BENGALURU: Third-quarter results at Indian information technology companies are expected to be a muted affair as seasonal slowness is exacerbated by low demand in the sector's largest business verticals — banking and retail.
The banking and financial services sector — which accounts for the largest chunk of Indian IT revenues – has seen slow growth for nearly a year now as the largest lenders held back their spending or moved parts of it in-house. Retail, the second-largest vertical, has seen a slew of bankruptcies amid a struggle to compete with ecommerce giants like Amazon and Flipkart.
"We expect demand to continue to remain soft in 3Q results with companies seeing problems in clients and verticals. December 2017 will be a seasonally weak quarter with CC (constant currency) QoQ (quarter on quarter) growth of 1%-2.6% lead by HCL Tech and lagged by TCS (Tata Consultancy Services)," Ankur Rudra, analyst with foreign brokerage CLSA, said in a note. Rudra added that the brokerage's channel checks show that demand remains weak in banks, retail and telecom but that it had improved in insurance, manufacturing, energy and healthcare.
A result of the slowness in banking and retail means Indian IT companies will also face slower growth in North America, their largest market. Europe is expected to grow faster. IT companies are already looking at investing heavily to diversify. Last month, ET reported that Cognizant expects revenue from Asia to cross $1 billion as it powers ahead with investments in Australia and Japan and plans to look into China.
Analyst expectations for TCS' sequential revenue growth are at 1-1.5% in constant-currency terms. Infosys is expected to grow at 0.9-1.2%, Wipro is expected to grow 0.8-1.2%. HCL Technologies and Tech Mahindra lead growth estimates. HCL Tech is predicted to grow 2.2-2.6%, while Tech Mahindra is expected to grow 1.8-2.2%. The slow growth will also hurt chances of margin expansion. Indian IT companies are facing higher costs now due to their need to hire people onsite and are attempting to offset those by lowering costs at home. Last quarter, most Indian IT firms saw their headcount fall.
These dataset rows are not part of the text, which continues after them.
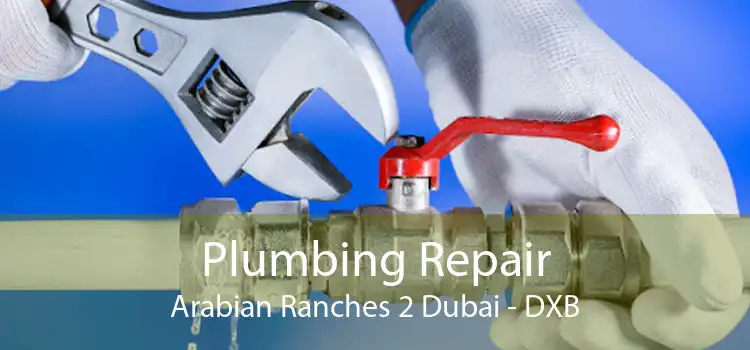 Plumbing Repair Arabian Ranches 2 Dubai - DXB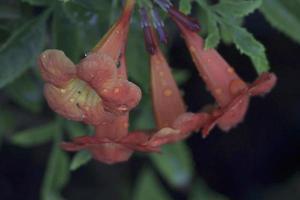 Closeup view of Orange Tecoma Flower with green background photo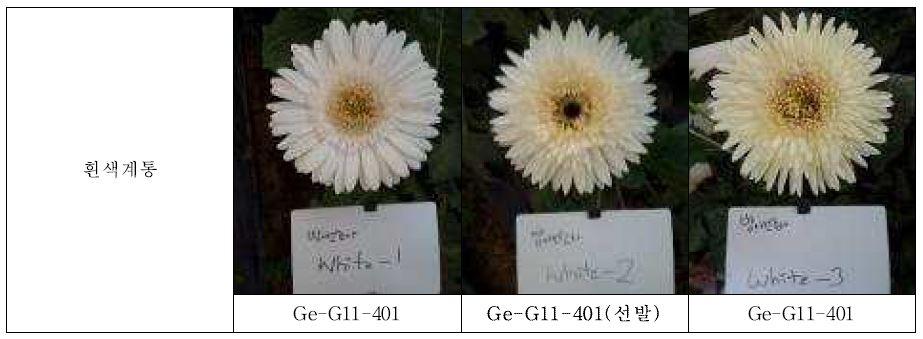 최종 선발 육성된 흰색 계통의 생육 및 개화 특성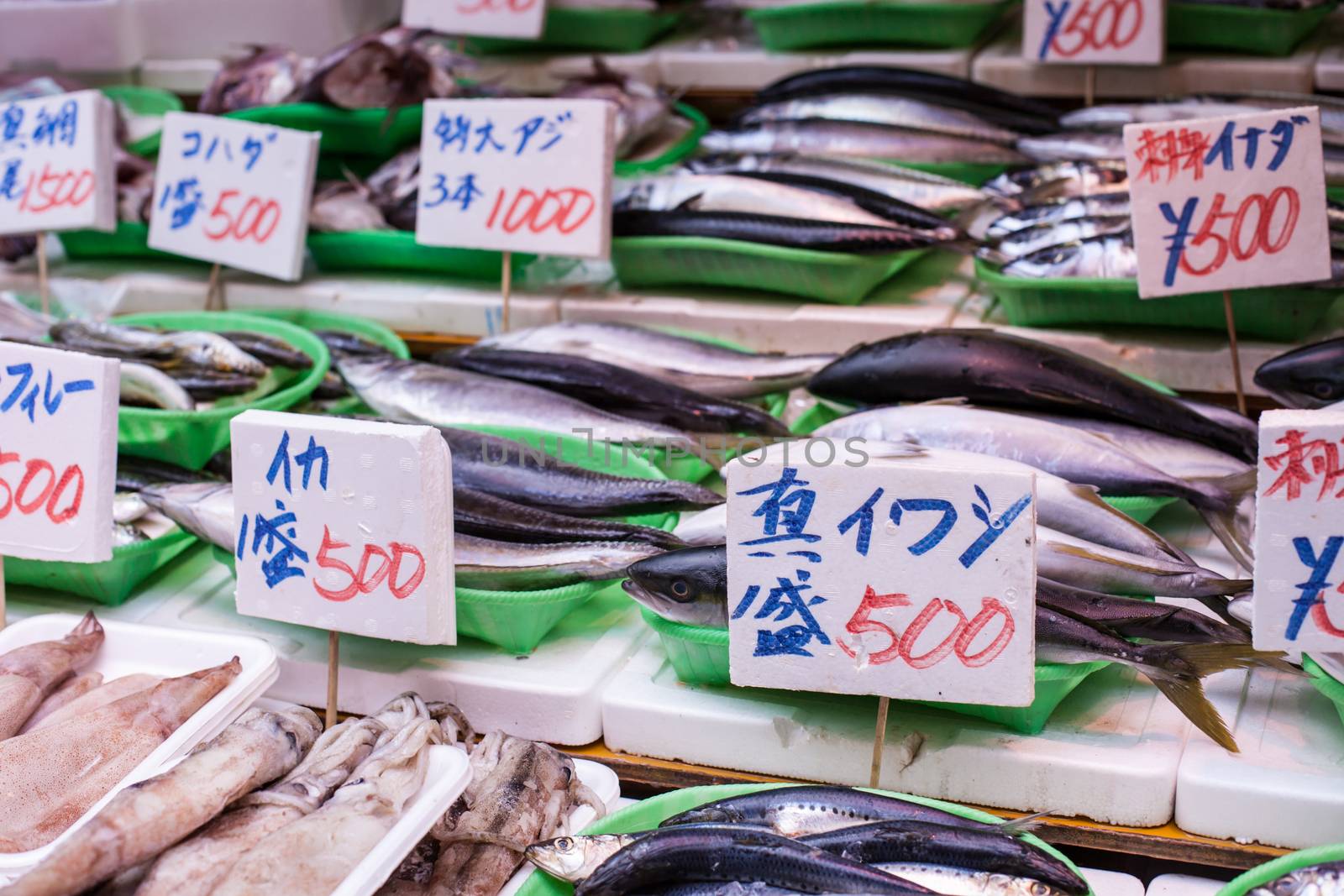  Tsukiji Fish Market, Japan. by mariusz_prusaczyk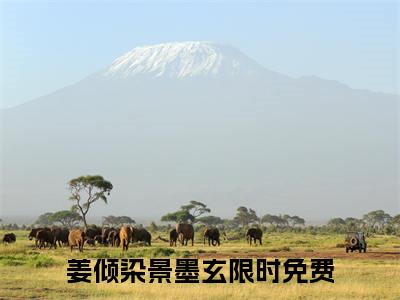 小说《姜倾染景墨玄》全文免费阅读无弹窗-姜倾染景墨玄小说全文在线赏析_笔趣阁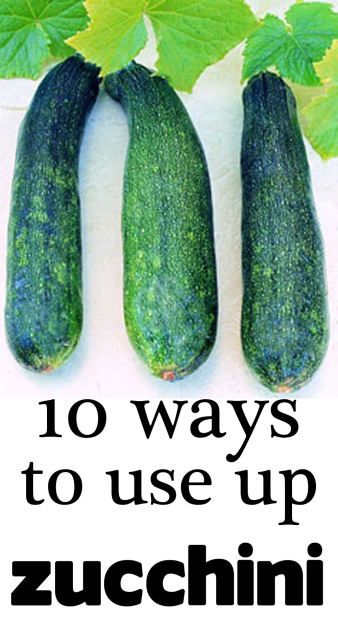 Use Up Zucchini, Crescent Roll Pizza, Cheesy Breadsticks, Honey Glazed Ham, Baked Chicken Tacos, Beef Jerky Recipes, Chicken Taco Recipes, Herb Cheese, Dark Chocolate Cakes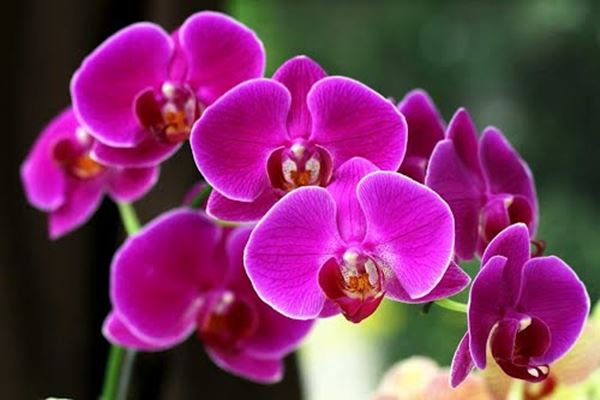  Lan hồ điệp mãn thiên hồng tượng trưng sự may mắn và thành công
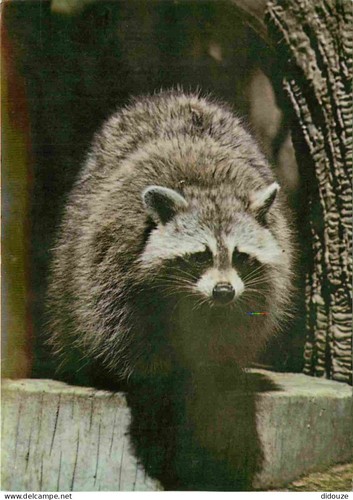 Postcard animals raccoon - animals,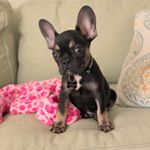 Profile Picture of Mac McGrath The Frenchie (@squishyfacemac) on Instagram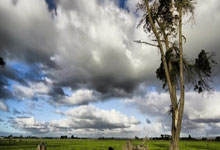 韩国队备战力求提升传中精准度，打造进攻火力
"We expect margins to be broadly stable as seasonal weakness will offset cost savings, automation and pyramid rationalisation initiatives," said Sandip Agarwal, analyst with brokerage Edelweiss.
The companies are also expected to spell out how they will be impacted by changes to US tax policy and the tightening of visa rules. Though companies have made progress in boosting hiring onshore, they remain dependent on visas. The policy overhang is expected to continue.
"The BEAT clause in the US tax bill has created uncertainty around companies operating under the subsidiary model with material transfer pricing (TCS, HCLT, CTSH and captives). Also, the H.R.170 bill that primarily affects H-1B dependent companies passed the House Judiciary Committee in November – it defines dependent companies as those where H-1B workers account for more than 20% of the workforce," brokerage Motilal Oswal said.
The slow Q3 season will also continue into the next financial year, according to analysts who continue to expect singledigit growth.
"Given the vertical and macro-related uncertainties over FY18-20E, we remain negative on the sector and expect soft growth – 6-9% (US$)," said Sudheer Guntupalli, analyst with brokerage Ambit.